This is all based on my experiences and talking to others, not to be taken as gospel!


----------



## acklac7 (May 31, 2004)

Big Joshy said:


> Im not saying that there is no evening bite in muddy water. I think when the evening bite falls can change based on water clarity. clear water fish like to wait for almost total dark sometimes.


This has been my experience.


----------



## acklac7 (May 31, 2004)

Deadsticking in stained/chocolate water...Anyone ever had any consistent luck? Seems to me that the deadstick bite is a sight-based presentation, and when the water is nasty it wont work, or doesn't work nearly as well. At least thats my experience, I've CRUSHED them deadsticking in clear(er) water this time of year, only to have basically no luck (dead-sticking) in stained water conditions. Almost think it would be better to slowly keep the bait moving/wobbling so fish can close in on the vibration because they're having trouble seeing it?


----------



## Saugeyefisher (Jul 19, 2010)

acklac, Earlier this month one of the holes i was fishing was quite dirty alomost muddy an i was getting them deadsticking a #8 xrap in gold with a orange belly. Seemed like most of the fish came straight up to hit lure so they had to see the orange belley. And seemed all the fish came right after i jerk pause in the dirty water. I think alot to do with those fish is all the lights around the area i was fishing. 
But mostly agree with you that they dont find it as good in the dirty water, an usually will fish something with some thump to it and really bright, Or slow roll the stickbait instead of dead sticking.........

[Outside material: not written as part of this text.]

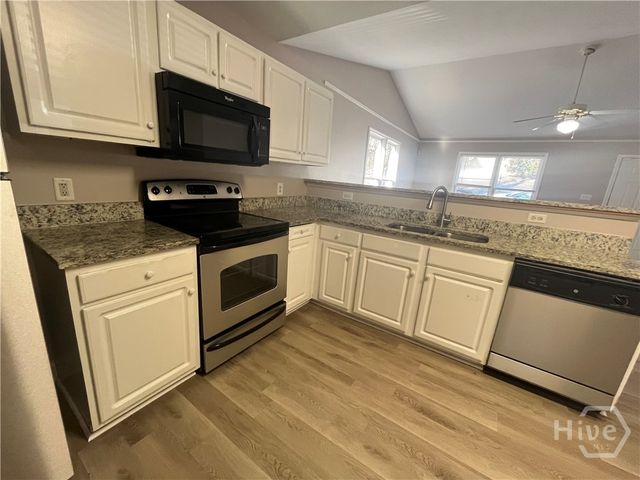 100 Fair Oaks Drive, Athens, GA 30606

When u going to get out with derek and me???


----------



## acklac7 (May 31, 2004)

Saugeyefisher said:


> acklac, Earlier this month one of the holes i was fishing was quite dirty alomost muddy an i was getting them deadsticking a #8 xrap in gold with a orange belly. Seemed like most of the fish came straight up to hit lure so they had to see the orange belley. And seemed all the fish came right after i jerk pause in the dirty water. I think alot to do with those fish is all the lights around the area i was fishing.
> But mostly agree with you that they dont find it as good in the dirty water, an usually will fish something with some thump to it and really bright, Or slow roll the stickbait instead of dead sticking.........
> 
> When u going to get out with derek and me???


I'll make it over there soon enough, I HATE driving any considerable distance to fish, but with you guys nailing them like you are I might have to give it a shot, cause i'm getting sick of the :S


----------



## Saugeyefisher (Jul 19, 2010)

Yea the drive sucks, but i really got used to after going 2-4 time a week. about 25 minutes for me. Not really killing them but has been really consistant, with not many skunks. Hope ya start nailing them soon, looks like it might be a while yet though


----------